### YOUR TASK
Restate, exactly as written, the entries below from the line that holds "Cone Black Wood" through the line that holds "Australia Aboriginal Inspired". Pictures are not part of the copy.

[Opening RECORDED DATA section]

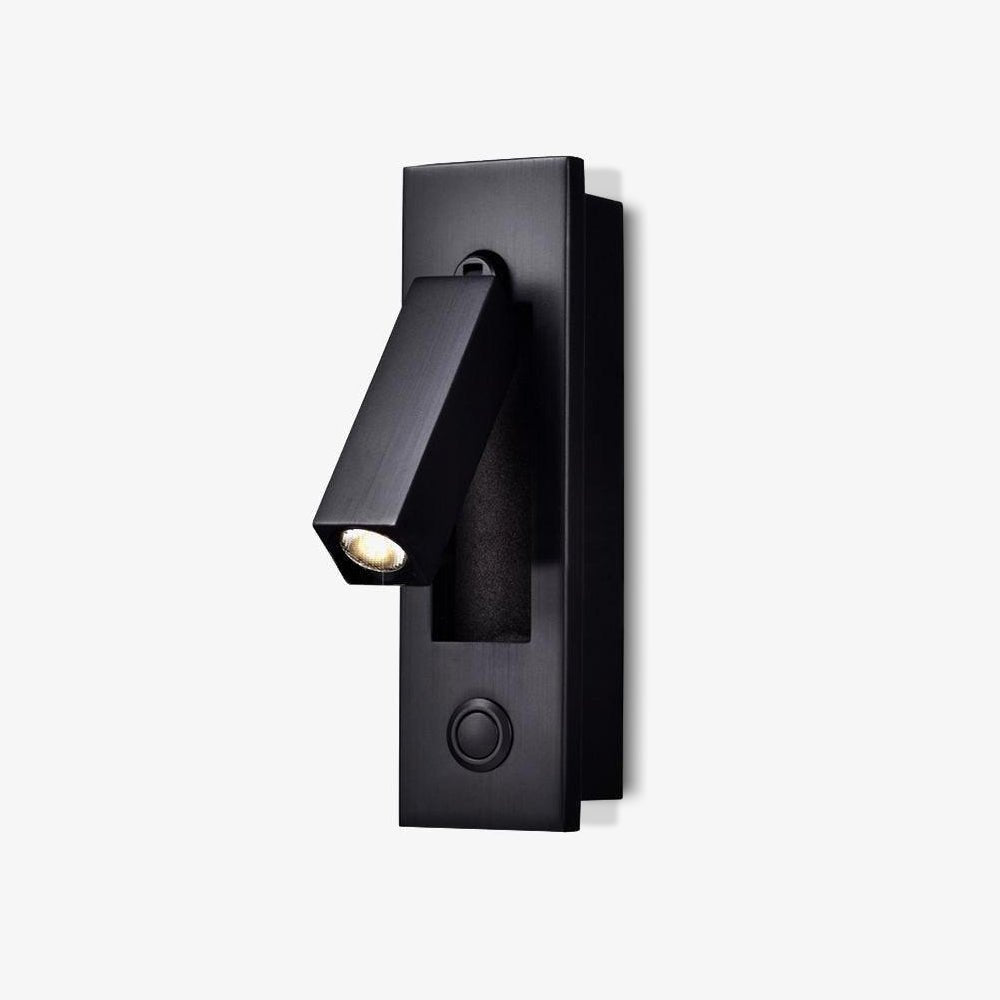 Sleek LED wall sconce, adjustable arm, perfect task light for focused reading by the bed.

[Closing RECORDED DATA section]
[Opening RECORDED DATA section]

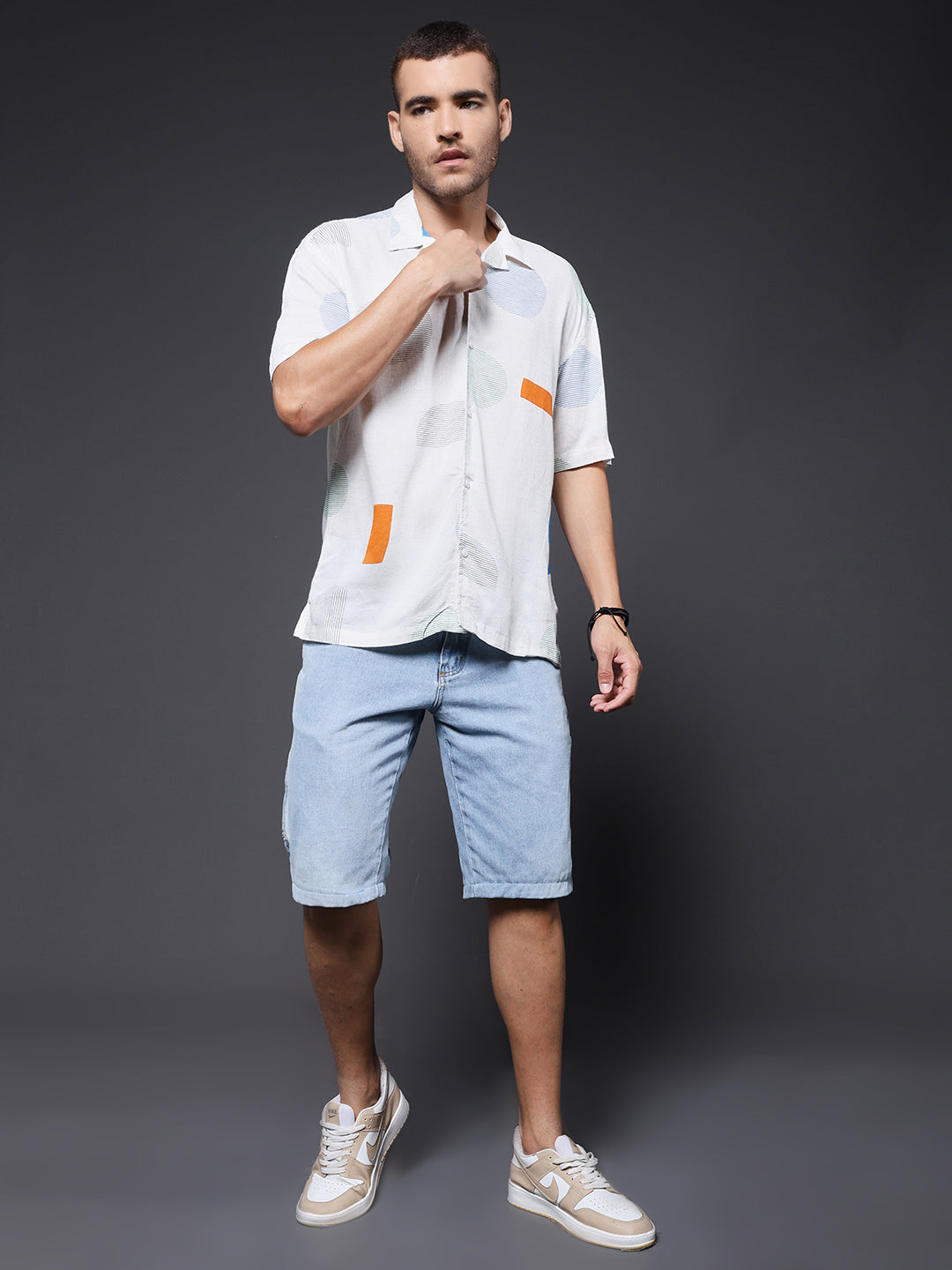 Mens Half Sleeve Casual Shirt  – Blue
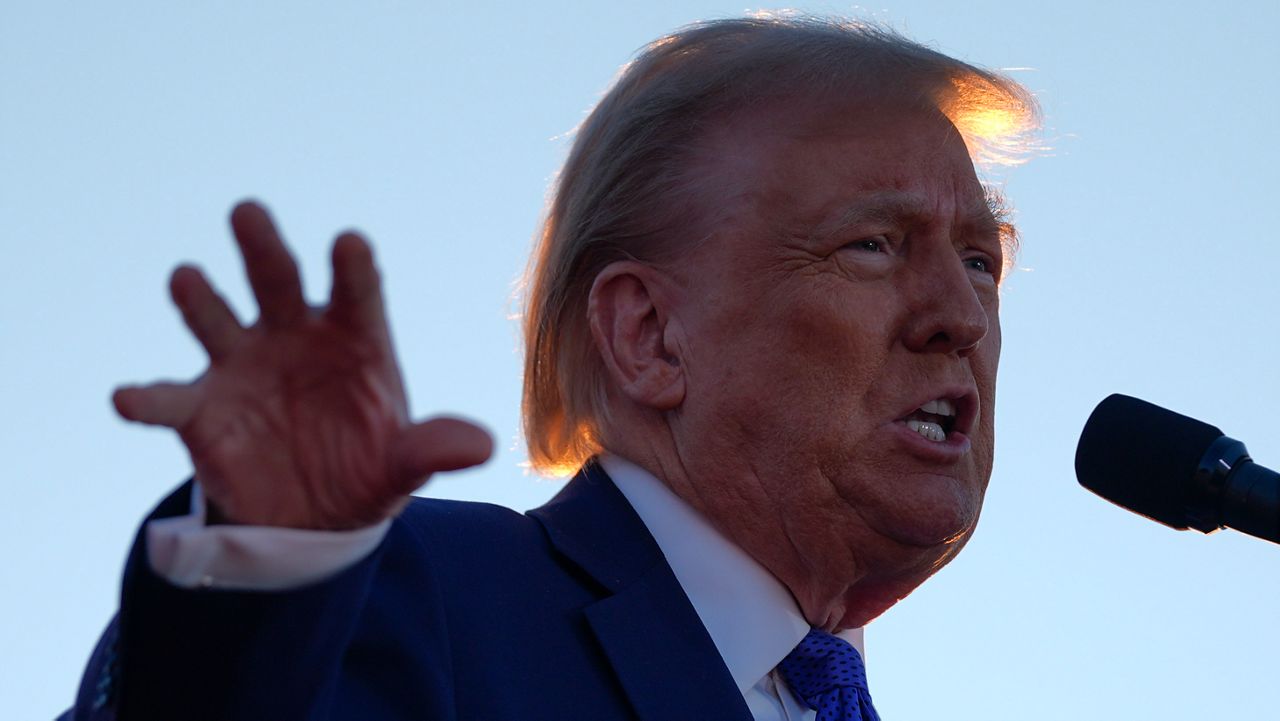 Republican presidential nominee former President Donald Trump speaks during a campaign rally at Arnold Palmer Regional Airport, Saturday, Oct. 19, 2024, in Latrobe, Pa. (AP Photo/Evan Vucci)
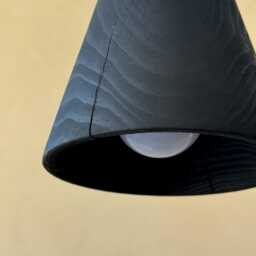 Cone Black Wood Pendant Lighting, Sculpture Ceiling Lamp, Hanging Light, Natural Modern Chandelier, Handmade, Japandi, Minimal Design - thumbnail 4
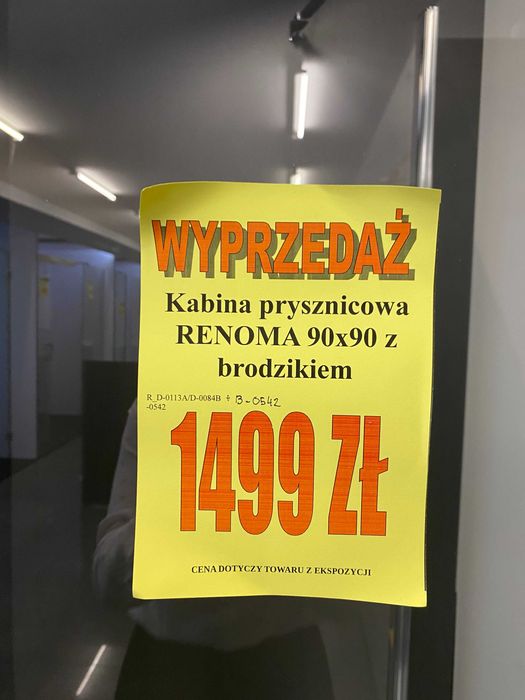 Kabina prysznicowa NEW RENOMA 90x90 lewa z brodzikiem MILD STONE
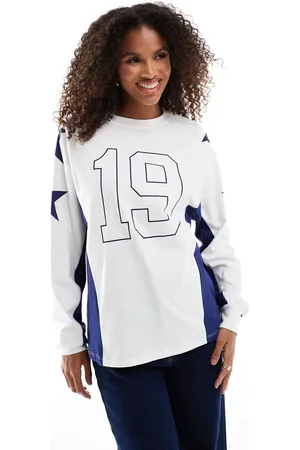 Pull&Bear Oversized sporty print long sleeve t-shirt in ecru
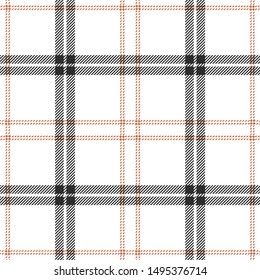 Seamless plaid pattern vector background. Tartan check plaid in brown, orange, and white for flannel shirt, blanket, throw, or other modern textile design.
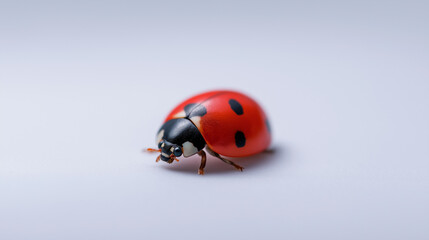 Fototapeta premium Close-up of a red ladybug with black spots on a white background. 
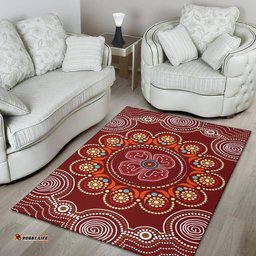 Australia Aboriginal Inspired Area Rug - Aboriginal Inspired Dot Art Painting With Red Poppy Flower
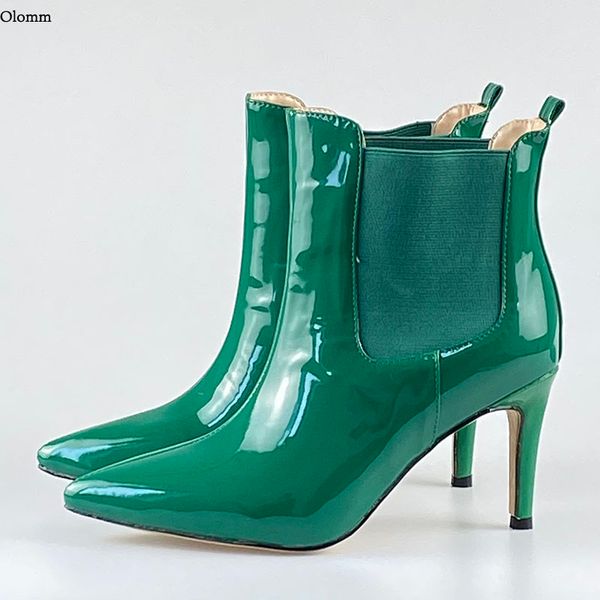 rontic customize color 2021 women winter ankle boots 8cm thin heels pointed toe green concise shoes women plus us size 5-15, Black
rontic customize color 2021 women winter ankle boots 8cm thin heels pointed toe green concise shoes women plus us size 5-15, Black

[Closing RECORDED DATA section]

### OUTPUT FOR THIS EXERCISE
 Cone Black Wood Pendant Lighting, Sculpture Ceiling Lamp, Hanging Light, Natural Modern Chandelier, Handmade, Japandi, Minimal Design - thumbnail 4
 Kabina prysznicowa NEW RENOMA 90x90 lewa z brodzikiem MILD STONE
 Pull&Bear Oversized sporty print long sleeve t-shirt in ecru
 Seamless plaid pattern vector background. Tartan check plaid in brown, orange, and white for flannel shirt, blanket, throw, or other modern textile design.
 Fototapeta premium Close-up of a red ladybug with black spots on a white background. 
 Australia Aboriginal Inspired Area Rug - Aboriginal Inspired Dot Art Painting With Red Poppy Flower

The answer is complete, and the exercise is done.